29 Temmuz 2017 Cumartesi

Demokrasi AKP'ye terk edildi, adalet CHP'ye mi terk edilecek?

Solun 2000'ler boyunca AKP'nin karşısında veya yanında durarak sürdürdüğü siyasetsiz tavır şimdi de CHP karşısında devam ediyor. AKP'yi AKP yapan demokrasi kavramı üzerinde tesis ettiği hegemonyaydı. Referandumdan sonra yaşananlar çerçevesinde 2010 referandumunda "hayır" diyenler kendilerinin haklı çıktıklarını düşünüyorlar. Bu -kurulu düzenden her sapmanın yanlış bir sonuca vararak kendisini haklı çıkaracağını düşünen bir devlet adamından veya aile babasından farklı olarak- sosyalistler açısından doğru bir yaklaşım olamaz. Çünkü sosyalistler haklı çıkmak için değil geleceği değiştirmek için öngörüde bulunurlar, doğru öngörüde bulunup olayların seyrini değiştirememek başarısızlıktır. Türkiye solu, 1990'larda sahip çıktığı "demokrasi" kavramını AKP'ye terk etti, solun en büyük başarısızlığı bu oldu. Liberallerin soldan uzaklaşarak AKP'ye yanaşmasının zemini de buydu. Mehmet Altan'ın daha 2002'de yayımlanan Marksist Liberal kitabının adı da, liberallerin seyrini, soldan çıkarken atılan ilk ürkek küçük adımları gösteriyor. Solun kavramlarıyla kendini inşa eden, sağda milliyetçi cephe çizgisi egemenken ancak solla birlikte var olabilen liberal çizgi, AKP sayesinde özgüvenle özerkliğini ilan etti. Taraf da bu çizginin bayrağı haline geldi.  

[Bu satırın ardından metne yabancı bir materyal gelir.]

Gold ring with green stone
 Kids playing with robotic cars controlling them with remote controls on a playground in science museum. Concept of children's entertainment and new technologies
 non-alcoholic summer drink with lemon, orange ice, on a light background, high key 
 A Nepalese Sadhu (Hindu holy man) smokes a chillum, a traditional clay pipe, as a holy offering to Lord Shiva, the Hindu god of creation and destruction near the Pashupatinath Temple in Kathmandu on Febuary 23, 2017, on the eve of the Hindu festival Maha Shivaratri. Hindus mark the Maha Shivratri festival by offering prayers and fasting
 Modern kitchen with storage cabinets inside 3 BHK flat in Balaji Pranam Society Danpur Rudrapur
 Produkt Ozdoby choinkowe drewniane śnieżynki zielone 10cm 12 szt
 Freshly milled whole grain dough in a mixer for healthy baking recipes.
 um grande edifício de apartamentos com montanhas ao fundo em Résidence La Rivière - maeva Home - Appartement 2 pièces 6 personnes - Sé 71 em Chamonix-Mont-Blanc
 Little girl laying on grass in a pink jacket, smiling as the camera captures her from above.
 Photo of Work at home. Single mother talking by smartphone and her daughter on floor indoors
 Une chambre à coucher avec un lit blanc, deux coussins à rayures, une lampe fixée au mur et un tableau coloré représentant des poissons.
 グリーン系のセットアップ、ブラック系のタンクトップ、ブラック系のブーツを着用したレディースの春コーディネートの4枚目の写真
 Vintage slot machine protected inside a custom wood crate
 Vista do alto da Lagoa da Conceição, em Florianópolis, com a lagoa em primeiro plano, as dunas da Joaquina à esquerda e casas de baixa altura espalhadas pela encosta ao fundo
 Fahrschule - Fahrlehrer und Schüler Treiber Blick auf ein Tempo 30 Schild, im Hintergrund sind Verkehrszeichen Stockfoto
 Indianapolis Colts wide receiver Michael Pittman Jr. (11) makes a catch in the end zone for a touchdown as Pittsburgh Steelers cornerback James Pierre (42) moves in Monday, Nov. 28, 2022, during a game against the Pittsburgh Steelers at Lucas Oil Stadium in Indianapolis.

Referandumun üç cephesi siyasetsizlik açısından AKP karşısında aynı pozisyondaydı, sol, demokrasinin olumsuz bir tarifiyle harekete geçti; demokrasinin olumlu tarifinin ne olduğunu düşünme ihtiyacı hissetmedi. Olumsuz tarif neyin demokratik olmadığının tarifiydi. Olumlu tarif soldan gelmeyince iş liberallere kaldı, AB normları dışında hiçbir demokrasi tarifi üretilemedi. AKP, içeride ve dışarıda AB desteğinin etkisiyle de büyüdü. Bu zeminde, referandumun en tartışmalı cephesi, “yetmez ama evet”çiler, ne zaman tam olarak yeteceği konusunu AKP'ye teslim ettikleri bir demokrasiye evet dediler. Hayırcılar ve boykotçularsa bu değişiklikten kimin faydalanacağını ve AKP'ye güvensizliği öne çıkardılar, demokrasi kavramını AKP'ye terk ettiler. Ek olarak hayırcılar toplumsal olarak AKP'ye karşı pozisyonu diri tutmaya odaklandılar.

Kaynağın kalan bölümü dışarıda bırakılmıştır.